WORK ITEM — Within the records below is a range that opens at the line with "شادر تموينى لبيع" and closes at the line with "Grooming Van Image". Return that range word for word, both ends included, and only that range.
BEGIN
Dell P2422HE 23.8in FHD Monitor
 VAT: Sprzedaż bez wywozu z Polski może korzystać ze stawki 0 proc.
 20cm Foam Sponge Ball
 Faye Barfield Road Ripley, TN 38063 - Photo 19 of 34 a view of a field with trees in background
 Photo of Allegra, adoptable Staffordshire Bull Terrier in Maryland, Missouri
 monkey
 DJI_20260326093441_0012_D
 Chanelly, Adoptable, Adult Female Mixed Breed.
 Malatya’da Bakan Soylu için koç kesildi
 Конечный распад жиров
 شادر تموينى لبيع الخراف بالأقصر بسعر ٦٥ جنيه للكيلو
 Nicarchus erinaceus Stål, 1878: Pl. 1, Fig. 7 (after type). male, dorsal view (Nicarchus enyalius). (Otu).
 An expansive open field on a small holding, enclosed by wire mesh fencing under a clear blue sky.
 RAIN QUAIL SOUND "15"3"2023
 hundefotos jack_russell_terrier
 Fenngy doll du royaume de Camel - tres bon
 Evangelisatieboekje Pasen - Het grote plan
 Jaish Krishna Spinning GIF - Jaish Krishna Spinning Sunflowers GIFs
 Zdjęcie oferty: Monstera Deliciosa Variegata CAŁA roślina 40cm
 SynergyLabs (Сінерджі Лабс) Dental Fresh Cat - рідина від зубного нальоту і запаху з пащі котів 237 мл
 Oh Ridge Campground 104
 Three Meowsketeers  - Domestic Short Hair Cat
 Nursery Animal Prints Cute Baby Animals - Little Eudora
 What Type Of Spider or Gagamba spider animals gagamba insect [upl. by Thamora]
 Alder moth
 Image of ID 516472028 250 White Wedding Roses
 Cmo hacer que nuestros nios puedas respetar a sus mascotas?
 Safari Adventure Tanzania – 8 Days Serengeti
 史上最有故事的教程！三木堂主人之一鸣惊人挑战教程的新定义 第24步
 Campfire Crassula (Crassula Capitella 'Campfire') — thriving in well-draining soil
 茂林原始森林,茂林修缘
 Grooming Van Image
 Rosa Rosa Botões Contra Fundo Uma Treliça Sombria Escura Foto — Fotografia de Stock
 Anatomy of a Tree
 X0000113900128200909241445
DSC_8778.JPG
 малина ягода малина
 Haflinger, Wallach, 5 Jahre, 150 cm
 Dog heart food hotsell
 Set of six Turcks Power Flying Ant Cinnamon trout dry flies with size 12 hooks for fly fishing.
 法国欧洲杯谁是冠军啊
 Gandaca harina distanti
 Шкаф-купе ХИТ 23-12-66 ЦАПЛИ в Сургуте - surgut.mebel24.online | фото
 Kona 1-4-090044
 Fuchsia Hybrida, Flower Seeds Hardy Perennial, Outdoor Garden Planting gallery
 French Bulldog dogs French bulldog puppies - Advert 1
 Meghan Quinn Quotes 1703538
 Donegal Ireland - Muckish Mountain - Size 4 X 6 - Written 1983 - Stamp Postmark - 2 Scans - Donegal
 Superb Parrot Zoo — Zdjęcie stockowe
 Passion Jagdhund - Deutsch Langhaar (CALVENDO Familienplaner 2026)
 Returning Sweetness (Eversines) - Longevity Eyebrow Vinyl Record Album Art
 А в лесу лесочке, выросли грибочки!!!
END
YOUR SOLUTION —
 شادر تموينى لبيع الخراف بالأقصر بسعر ٦٥ جنيه للكيلو
 Nicarchus erinaceus Stål, 1878: Pl. 1, Fig. 7 (after type). male, dorsal view (Nicarchus enyalius). (Otu).
 An expansive open field on a small holding, enclosed by wire mesh fencing under a clear blue sky.
 RAIN QUAIL SOUND "15"3"2023
 hundefotos jack_russell_terrier
 Fenngy doll du royaume de Camel - tres bon
 Evangelisatieboekje Pasen - Het grote plan
 Jaish Krishna Spinning GIF - Jaish Krishna Spinning Sunflowers GIFs
 Zdjęcie oferty: Monstera Deliciosa Variegata CAŁA roślina 40cm
 SynergyLabs (Сінерджі Лабс) Dental Fresh Cat - рідина від зубного нальоту і запаху з пащі котів 237 мл
 Oh Ridge Campground 104
 Three Meowsketeers  - Domestic Short Hair Cat
 Nursery Animal Prints Cute Baby Animals - Little Eudora
 What Type Of Spider or Gagamba spider animals gagamba insect [upl. by Thamora]
 Alder moth
 Image of ID 516472028 250 White Wedding Roses
 Cmo hacer que nuestros nios puedas respetar a sus mascotas?
 Safari Adventure Tanzania – 8 Days Serengeti
 史上最有故事的教程！三木堂主人之一鸣惊人挑战教程的新定义 第24步
 Campfire Crassula (Crassula Capitella 'Campfire') — thriving in well-draining soil
 茂林原始森林,茂林修缘
 Grooming Van Image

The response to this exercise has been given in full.